Nelson gave an overview of key strategies that are universally relevant, even as specifics vary according to an individual city’s context:

  • Normalize: Use a shared definition of racial equity and institutionalized racism among government staff; Align city staff on a shared sense of urgency/priority
  • Organize: Build internal infrastructure to address racial equity issues within government and through partnerships with community
  • Operationalize: Implement racial equity tools; Use data to develop strategies and drive results

Greg Nickels, former Mayor of Seattle, was an early pioneer in this work. Working with Nelson, who was then serving as the Director of the Seattle Office of Civil Rights, Nickels created the Race and Social Justice Initiative in 2004 to help advance his race equity agenda. Every city agency was required to examine how their services were being delivered, and whether it could be done more equitably. Nickels and his team emphasized that every budget proposal had to be examined through a race and social justice lens, and every new initiative had to be justified in terms of how it advances those goals. The program also offered formal training on institutional racism to Seattle’s 11,000 city employees, ensuring that they knew its definition and how to combat it.

According to Nickels, “There were many skeptics in city government or people who told me it was just plain stupid politically… but once we figure out how to make it a safe conversation, people embraced it.” Over time, race equity became embedded in the culture of the city government, so much so that Nickels’ successor continued the effort, and 85% of city employees identified it as an important part of their work.
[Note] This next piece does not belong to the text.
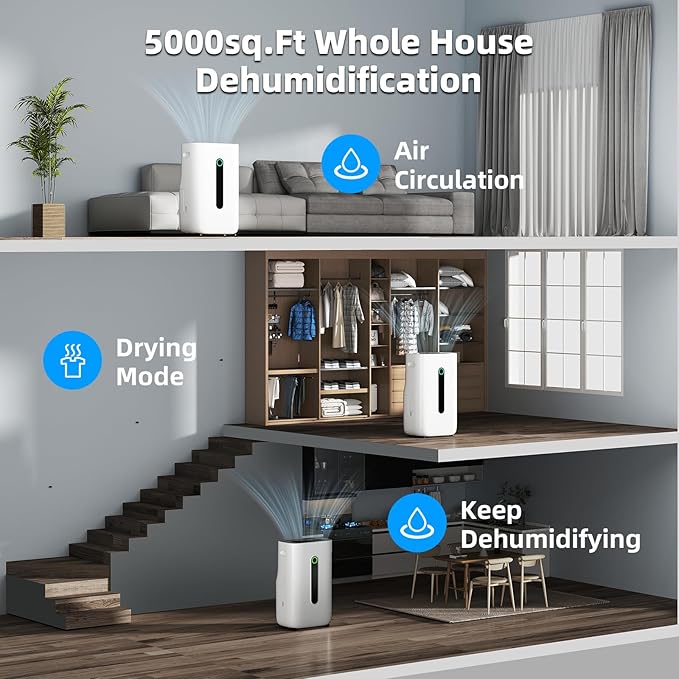 5000 sq.ft dehumidifier for basements - Image 2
Current promising practices

Next, Kristin Beckmann, Deputy Mayor of St. Paul, shared an account of her city’s efforts to close race equity gaps. She worked closely with Nelson and GARE to adapt the toolkit that had been successful in Seattle to St. Paul. As Beckmann said, “Having a city out in front the way Seattle has been was helpful in bringing people along the change spectrum.” Every department was required to devise a 2015 action plan around racial equity. To ensure buy-in, Beckmann and Nelson worked closely with individual department heads, each of whom was required to identify a single policy to be assessed by the toolkit and workshopped by the team. Already, all directors have undergone a two-day training, and the city expects all 3,000 city employees to go through racial equity training by the end of 2017. In an effort to ensure the sustainability of training, St. Paul has also sought private philanthropy support to bring the capacity to train employees in-house.

Finally, Tomiquia Moss, Chief of Staff of Oakland, California, spoke about her city’s newly-created department of race and equity. The department will examine city policy, hiring processes, and distribution of resources for racial bias, and make recommendations to prevent it. Moss talked about the challenge of building infrastructure to support this work without falling prey to the erroneous assumption that this new department could solve all race issues in Oakland. Moss described how the high levels of racial diversity and history of social movements in Oakland makes conversations about race and racism closer to the forefront of government work: “We’re figuring out how to engage the citizens in that dialogue, and how to translate that into a felt experience of equity,” she said.

In the open discussion following the panel, representatives from a range of cities expressed urgency about and enthusiasm for this work, in addition to worries about backlash and implementation challenges. It is clear that there is important work to be done in city governments looking to translate racial equity goals into actionable modifications to policy and service delivery. It is also clear that this work is challenging, as it forces uncomfortable questions and requires a shift in institutional culture to prioritize a wholly new set of criteria in already complex decision-making processes.